Connecting a Second Screen to an iMac Mid 2010 Model

I first used a dual screen computer back in about 2002. I managed to get hold of a large 21 inch CRT as well as a 15 inch CRT. I connected it up to my home built PC by buying an updated graphics card that had two outputs. If I remember correctly I had to use a DVI port for one of the screens although I had to attach a DVI to VGA convertor on to that as both monitors were just VGA. The larger screen ran at 1600 x 1200 and the smaller screen, probably 1280 x 1024 or more likely 1024 x 768.

Being able to work on a spreadsheet and Word document at the same time without having to minimise one to see the other helped speed things up making me get jobs done far quicker. That machine died after a while, perhaps a dodgy bit of thermal grease caused it. Either way, I switched to a laptop in 2006.

After a few years of using a widescreen laptop as my primary machine, I decided to get a 2010 iMac with a 27 inch screen. Thanks to the size of the screen and the crazy resolution (not as crazy as a Retina Mac Pro mind you) of 2560 x 1440, I can now have two windows open side by side with plenty of room to work on. But, I found myself wanting a bit more screen space. I stumbled across a decent ViewSonic 19 inch LCD (the VA1916w model) and decided to see if I could use that as a secondary display. As the display was going spare, the only expense I had was to convert from a display port to VGA which required an adapter from Apple. Not too cheap, but I justified it with there being no cost of the second screen.

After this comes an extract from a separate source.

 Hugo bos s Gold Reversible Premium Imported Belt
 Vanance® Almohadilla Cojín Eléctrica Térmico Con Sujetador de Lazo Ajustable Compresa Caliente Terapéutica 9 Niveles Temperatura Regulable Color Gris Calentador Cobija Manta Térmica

Attaching it up was simple. Just plug it in and moments later it gets detected. All you do next is look at the preferences, check the resolution is set right (which it was automatically) and then drag the screen layout in to how you have it on your desk.

Why does a 27 inch iMac user want a second display

Although I do a lot of blogging, some here and lots elsewhere, I also use Xcode a lot to create iPad and iPhone apps… ok, I’ll be honest, my first hasn’t been released yet but will be doing soon although I have created plenty of test apps and some of my own apps for my own use. While using features such as the interface builder as well as viewing header and implementation code side-by-side, I quickly found that to look through Apple documentation meant shrinking the Xcode window down so I could fit the browser next to it. Xcode likes a lot of screen estate, so I opted for the second screen mainly so I could browse documents on the left screen while working on my primary 27 inch screen.

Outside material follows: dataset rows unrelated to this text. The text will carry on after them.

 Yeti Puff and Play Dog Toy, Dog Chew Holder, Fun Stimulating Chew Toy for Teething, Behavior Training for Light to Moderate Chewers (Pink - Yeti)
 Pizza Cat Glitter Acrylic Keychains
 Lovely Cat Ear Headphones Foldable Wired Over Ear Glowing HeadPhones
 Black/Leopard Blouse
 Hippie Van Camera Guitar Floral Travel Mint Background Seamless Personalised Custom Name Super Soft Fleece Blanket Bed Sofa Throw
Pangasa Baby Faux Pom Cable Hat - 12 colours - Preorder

Performance problems to look out for with dual screens

When purchasing this iMac, I got the cheapest 27 inch model available… lowest spec that is. I maxed out the RAM at a later date (a few months back now) after finding a good deal on 16GB. However, running OS X Lion there were a few graphical performance issues. Often the iMac would freeze when trying to swipe between desktops or when sliding 3 fingers up on the Magic Trackpad (expose) and it would hang there for maybe 20 – 30 seconds and then come back to life. This was an “ok-ish” problem due to the extra screen providing extra value. Good news though is that after upgrading to the lates OS X version a few weeks back, OS X Mountain Lion, these performance issues are completely gone. So, if you see performance issues on your iMac with dual-screens, perhaps it might be worth an update to Mountain Lion as Apple seems to have done something that makes graphics perform far more efficiently.

Could I go back to a single screen

Of course. Although adding a second screen is a nice convenience, a 27 inch iMac with a 2560 x 1440 resolution still provides plenty of screen space to work with. While I have the option and desk space for a second screen I’ll keep it, but should that change at a later date, it wont be too painful to lose.

The only thing to watch out for is 1. performance… Mountain Lion fixed that completely for me though. 2. Cost of a convertor should your secondary display not be compatible with the output on the iMac. My late 2010 iMac has a display port but newer ones I believe use Thunderbolt.